The protection state register 914 may be included in the tuning device 900 to store another state (different from the normal state stored in the state register). The tuning device 900 may be set to the other state (a safe state) immediately after the current detector and threshold device 912 detects an overvoltage or hot-switching condition based on the threshold implementation. In other configurations, the tuning device is set to a safe state based on frequency band receiver readings.

In one aspect of the disclosure, a MIPI bus interrupt is sent to the external tuning control device 908 when a state change occurs in the tuning device 900. The interrupt is a signal to the external tuning control device 908 emitted by the tuning device 900 indicating an event that needs immediate attention. For example, the tuning device 900 reports (hot-switching/overvoltage condition) back to the external tuning control device 908 that runs the tuning process. The report may indicate that the tuning device 900 is operating in a safe state. The tuning device 900 sends the MIPI interrupt via the interface device 904. Accordingly, two-way communication exists between the tuning device 900 and the modem.

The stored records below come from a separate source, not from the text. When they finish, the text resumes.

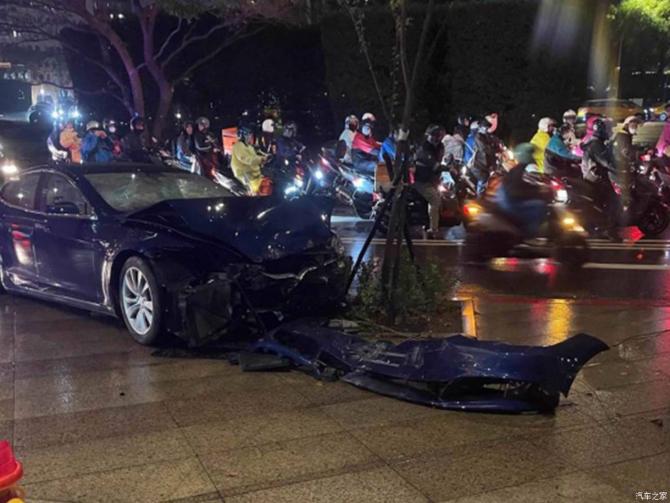 28083510807607c83a3137.jpg image001.jpg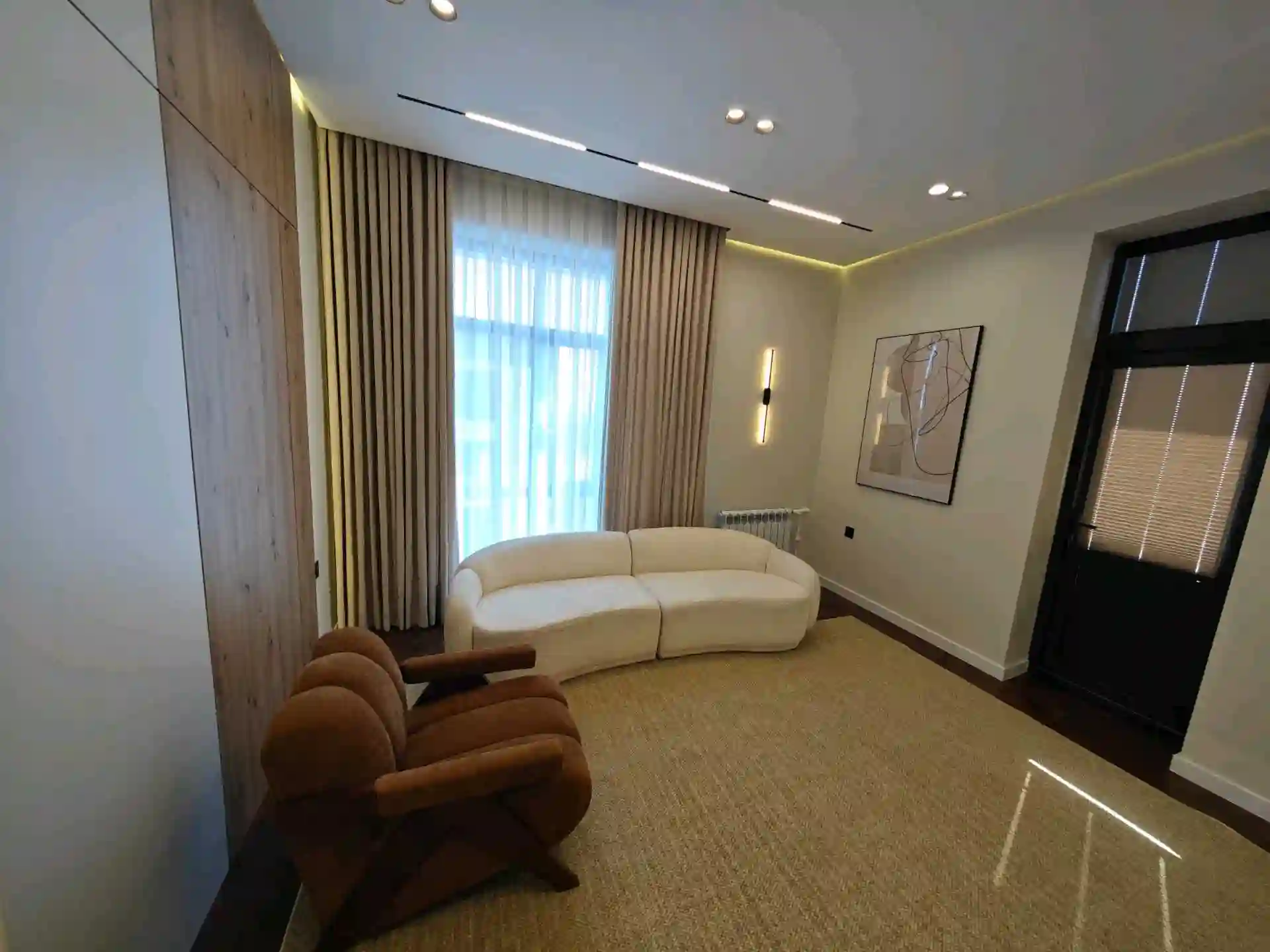 3-к квартира, 9 этаж, 106 м², 33 мкр Пшти лицеи Умари Хаем — миниатюра 14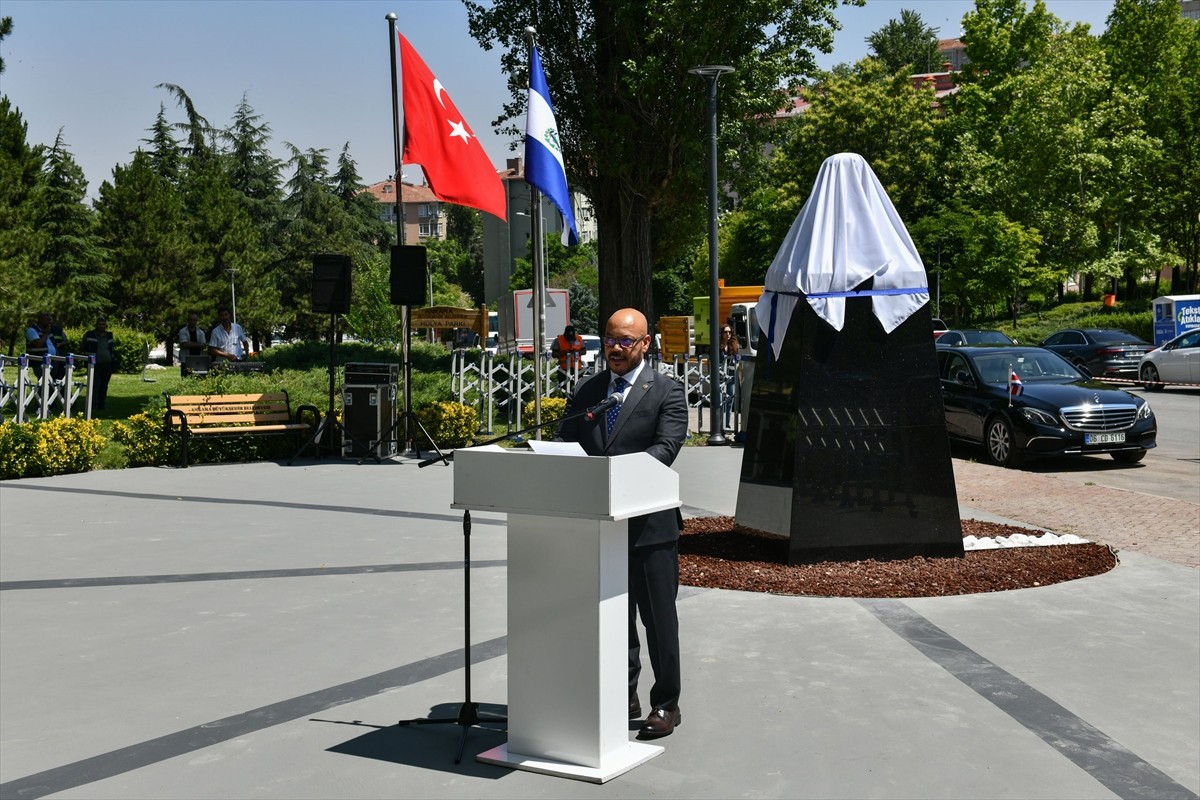 Ankara Büyükşehir Belediyesi (ABB) ve El Salvador'un Ankara Büyükelçiliği işbirliğinde başkentte...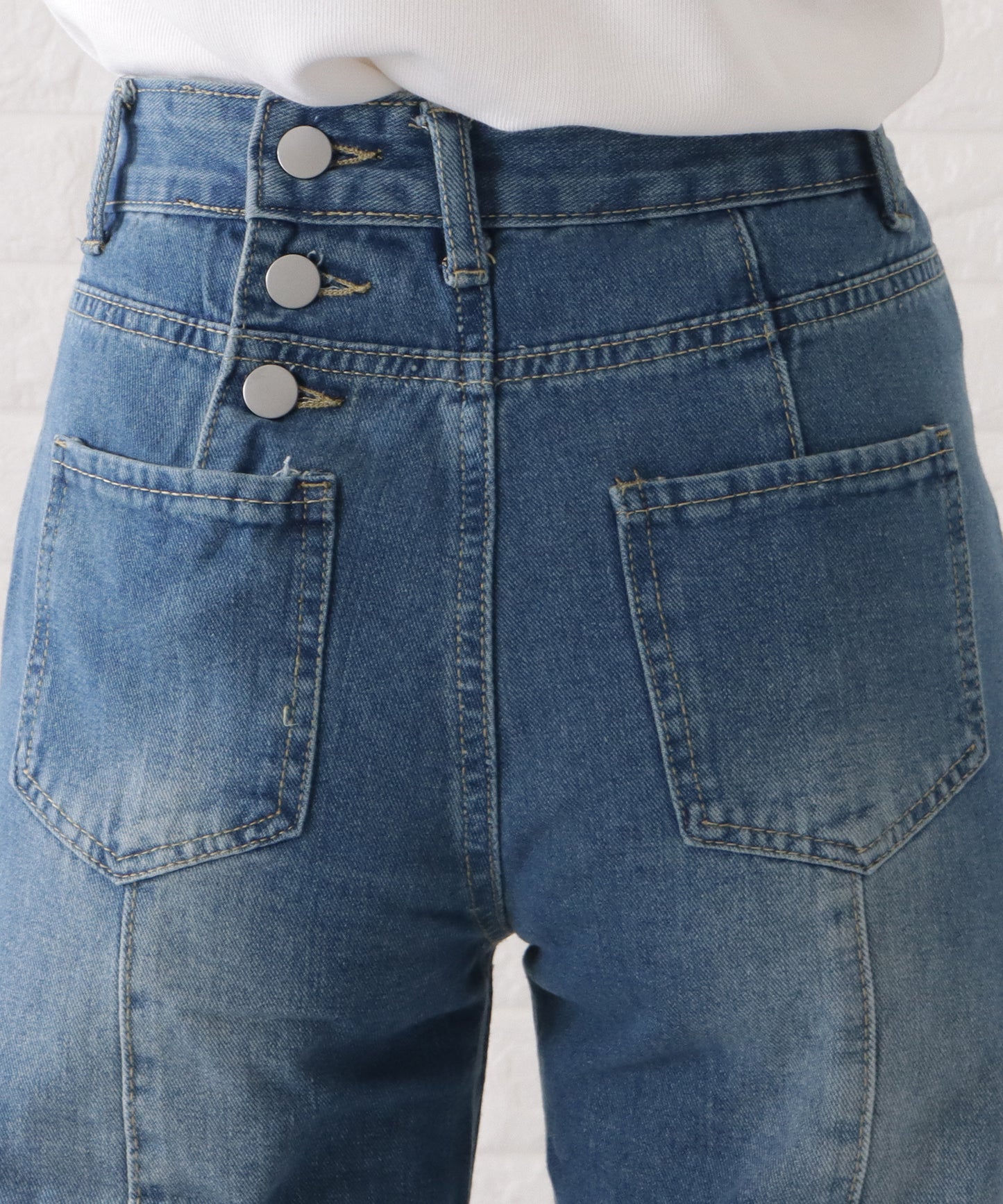 ハイウエスバックボタンデニムパンツ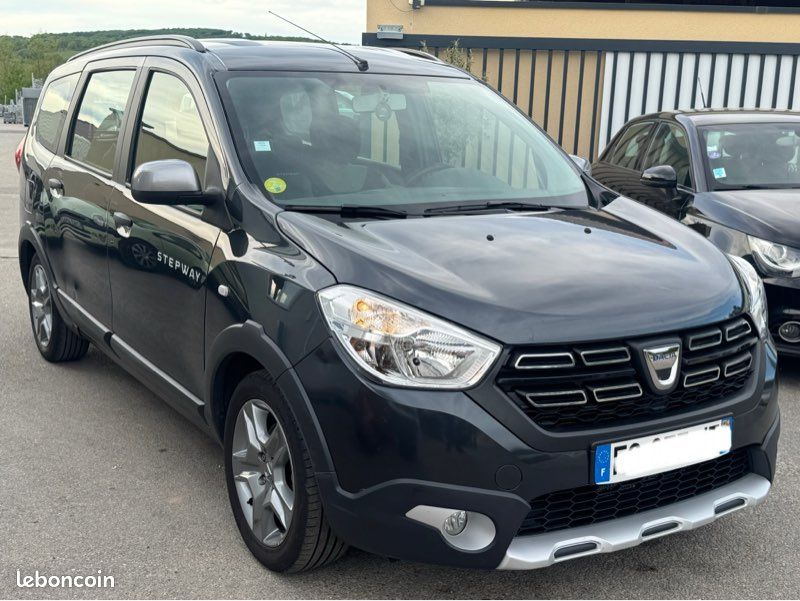43.000 kms dacia lodgy stepway 1.5 dci 115ch 5 places 1 main excellent état clim (image 4)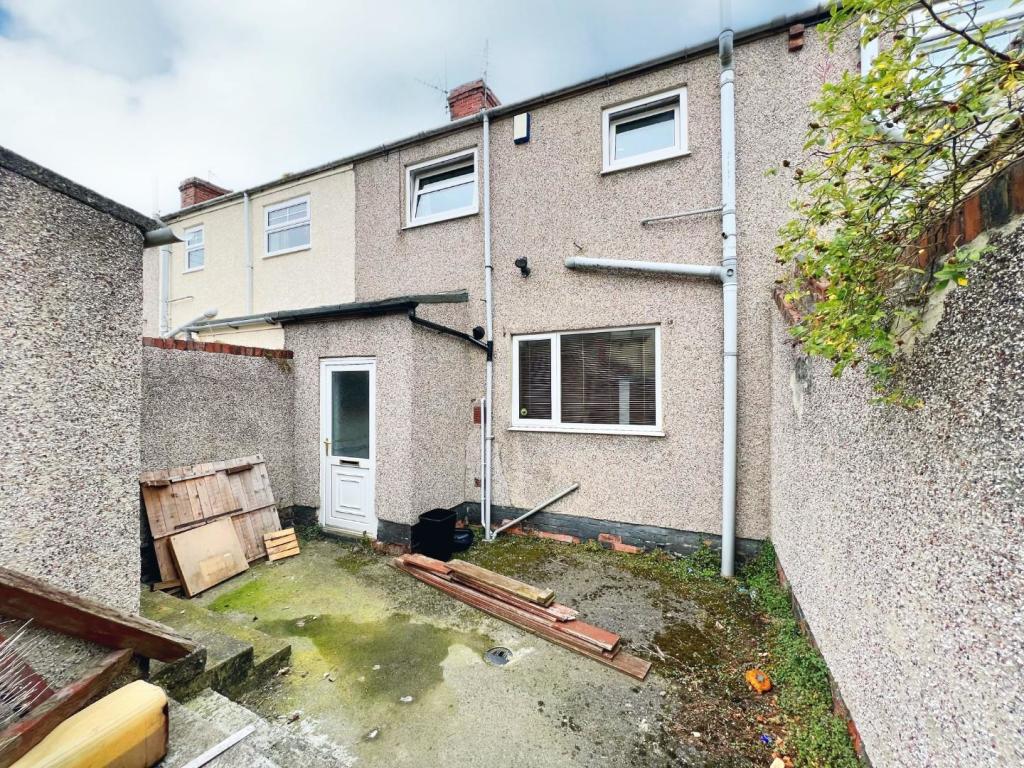 Rear Yard.jpg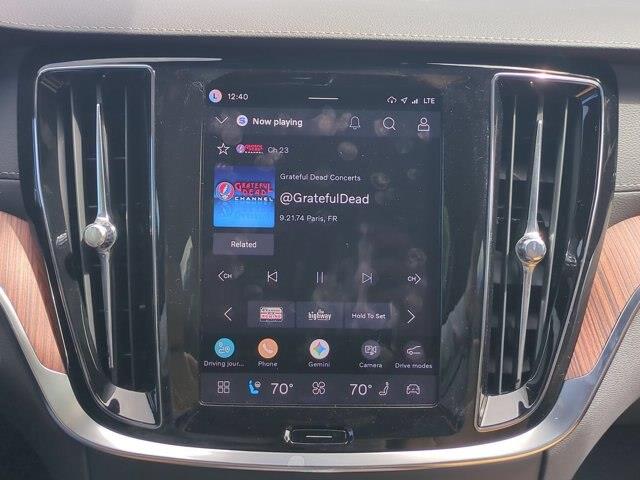 2026 Volvo V60 - $52,695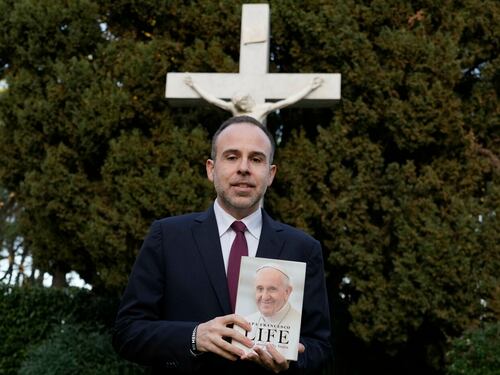'Life', l’autobiografia di Papa Francesco diventerà un film
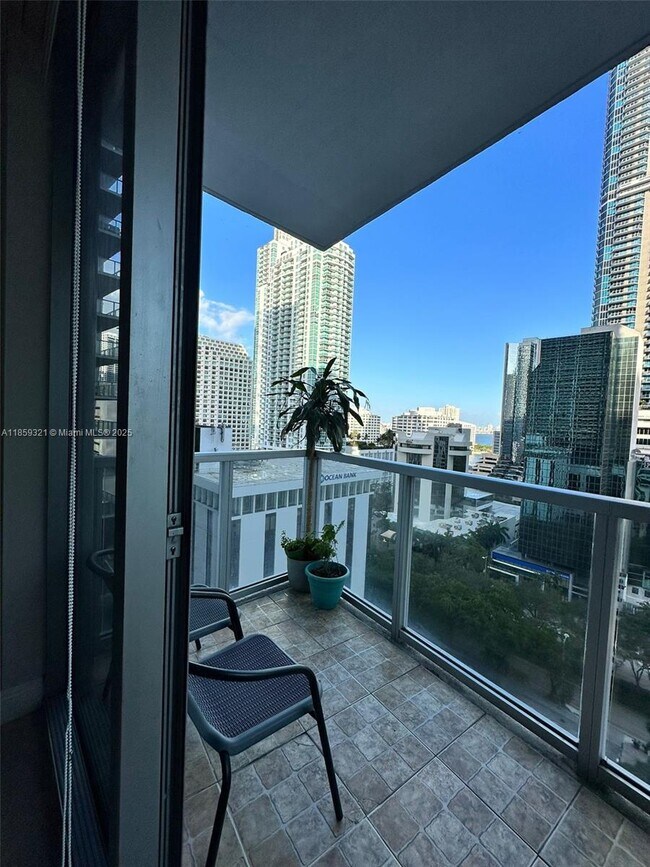 Building Photo - 1050 Brickell Ave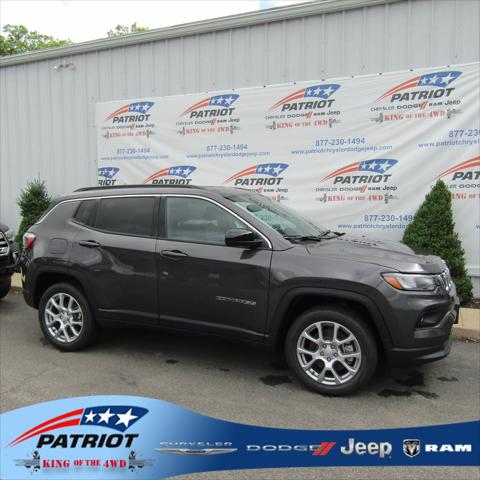 2024 Jeep Compass COMPASS LATITUDE LUX 4X4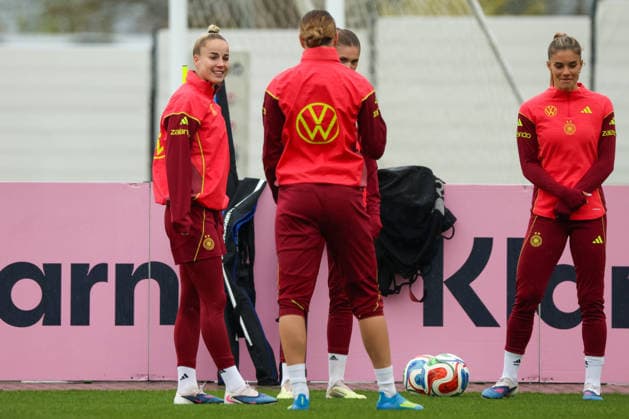 Herzogenaurach, Germany, April 12, 2026 International match preparation for the womens World Cup qualifier against Austria Training in Herzogenaurach Pictured from left Giulia Gwinn Germany , Larissa Mühlhaus Muehlhaus Germany and Selina Cerci Germany Copyright: HMBxMedia MadeleinexFantini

In one aspect of the present disclosure, positive and negative charge pumps of the bias generator 902 generate virtual supply rails (e.g., +4V, −4V respectively), which are greater than the chip supply voltages (e.g., 1.8V and 0V), which power the charge pumps and the digital portion of the chip 904. The closed-loop charge pumps maintain these output voltages over some specified range of output current loading. For example, the closed-loop charge pumps function as on-chip power supply. The level shifters 706 drive (or switch) either of these charge pump levels to the selected elements of the RF core 708 based on an ON or OFF command (e.g., chip's digital 1 or 0) from the MIPI state register 710. While there is commonly one level shifter for each RF core element, there is one set of charge pumps for all level shifters.

In some implementations, the RF core 708 presents a very high input impedance (e.g., capacitive) to the level shifter signals without drawing significant direct current (DC). Therefore, the charge pumps only supply charging current to the RF core inputs via the level shifters during the ON or OFF switching transients. During loading events, such as a switching transient, the closed-loop charge pumps self-correct to supply the transient charging currents while maintaining their designed output voltage levels. In some implementations, this self-correction to supply increased output current manifests as an increased voltage of a control signal from a normal, steady-state level, proportional to a specified increased output current. The increased control signal causes an increase in an oscillator frequency, which leads to increased charge pump output current. The increase in oscillator frequency further manifests as an increase in the 1.8V supply that powers the charge pumps. As the switching transient charges or discharges the RF core input, the load demand decays back to its very low steady-state value, and so does the control voltage, oscillator frequency, and supply current.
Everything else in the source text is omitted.